GEOM90018 Spatial Database. A4

 GEOM90018 Spatial Database. A4: Putting it all together...

Objectives
By the end of this practical you should be able to:
1. design your own solutions to realistic spatial and spatiotemporal analysis problems;
2. combine multiple spatial operations together to support an investigation of a large spatial data set;
3. present the results of your investigation using a spatial database clearly and carefully.
Overview
Where previous practicals have asked you to find the solution to well-specified problems, this practical asks you to 
design a solution to investigate more open-ended problems - as a data analyst.
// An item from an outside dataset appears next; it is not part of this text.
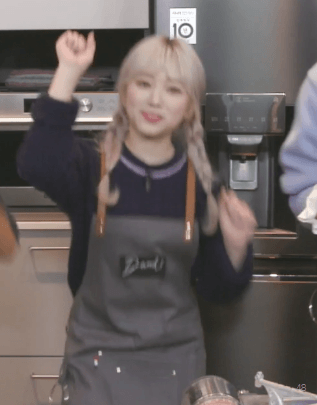 아이즈원 나코 안유진 피지컬 차이.gif 2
You will use as the focus for your 
investigation the table "checkins", possibly n conjunction with any other data in the "spatial" schema. The table 
contains the time (date, time), location (geom), user id (uid), location id (poi) of approximately 6M checkins made 
by Gowalla (social network) users between Feb 2009 and Oct 2010. The table "friends" also contains the friend 
associations between Gowalla users identified in the check-ins.
OSM and hstore
For this assignment, you may also use the newly imported OpenStreetMap (OSM) dataset of Melbourne region, 
downloaded from bbbike.org on 1 May 2019. The data was imported into the geom90018 PostgreSQL database 
using the osm2pgsql tool. The data is stored into 7 tables whose names start with "melbourne_osm_" 
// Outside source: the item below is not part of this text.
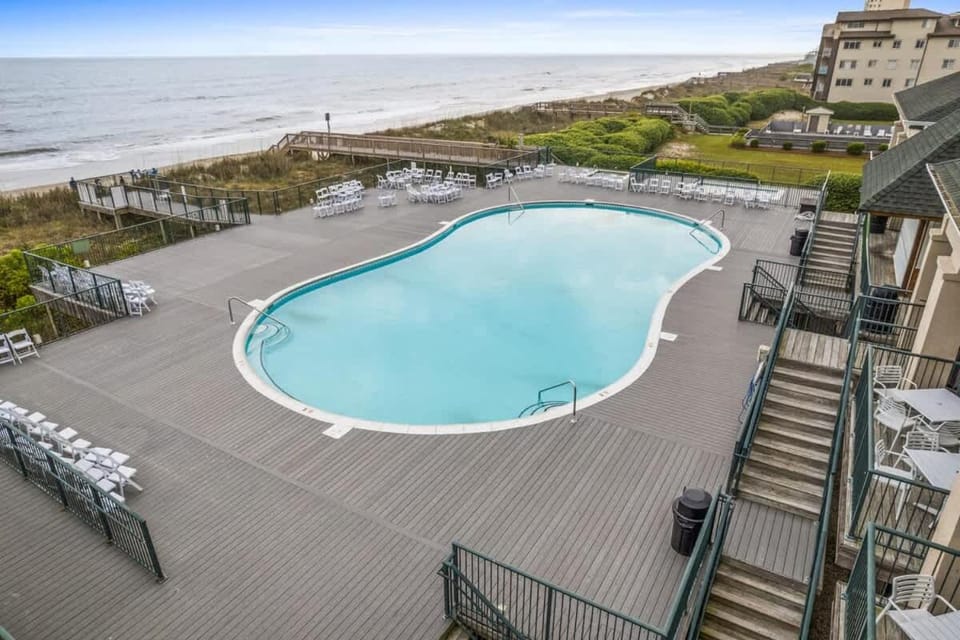 A Wave from it All Pool, Ocean front, great views House in Ocean Isle Beach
(melbourne_osm_nodes, melbourne_osm_point, melbourne_osm_polygon, melbourne_osm_rels, 
melbourne_osm_roads, melbourne_osm_ways), all of which are located in schema "spatial". It is advisable that 
you read about the OSM elements in order to understand how OSM models real world objects with nodes, ways, 
and polygons, and how it uses tags to record their attributes. Since tags are in fact key-value pairs, they cannot be 
represented with the data types we have previously used in postgresql (e.g. integer, varchar, or geometry). Instead, 
they can be stored into hstore data type, which is available as an extension to the PostgreSQL database. Hstore 
allows users to store multiple key-value pairs into a single column, and do some operations on them (examples of 
some operations are shown below, and you can see the whole list in the hstore documentation website). When 
working with these tables keep in mind the following things:
• Nodes, ways, and rels tables are the direct representation of what is stored in the OSM databases. These 
tables are stored in our database without hstore columns for tags, and without geometry columns. You 
may still use these tables in your analysis if you want to.
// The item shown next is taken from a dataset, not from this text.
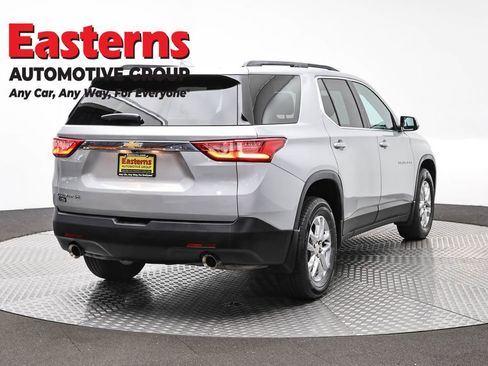 Used 2020 Chevrolet Traverse LT FWD image 5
• Point, line, polygon, and roads tables are abstracted from data in the nodes, ways and rels tables by the 
osm2pgsql tool (there has been some processing done on these tables in order to adapt them to and make 
them usable in a PostgreSQL database). These tables are stored in our database with hstore "tags" 
columns, and geometry "way" columns. Also keep in mind that these geometries are stored in the WGS 
84 / Pseudo-Mercator (EPSG:3857).
Here are some examples of how you can get familiar with the 
new OSM data:
SELECT ST_SRID(way) FROM 
spatial.melbourne_osm_point LIMIT 1;
SELECT tags->'building', way FROM 
spatial.melbourne_osm_polygon WHERE 
tags?'building';
SELECT tags->'building' as building, count(*) FROM 
spatial.melbourne_osm_polygon WHERE 
tags?'building' GROUP BY tags->'building' ORDER BY 
count DESC;
SELECT osm_id, (each(tags)).key, (each(tags)).value 
FROM spatial.melbourne_osm_polygon WHERE
tags?'building' LIMIT 100;
Assessment A4: Advanced Spatial and Spatiotemporal Analysis
Preliminaries
1. This assignment is worth 16% of your final class mark.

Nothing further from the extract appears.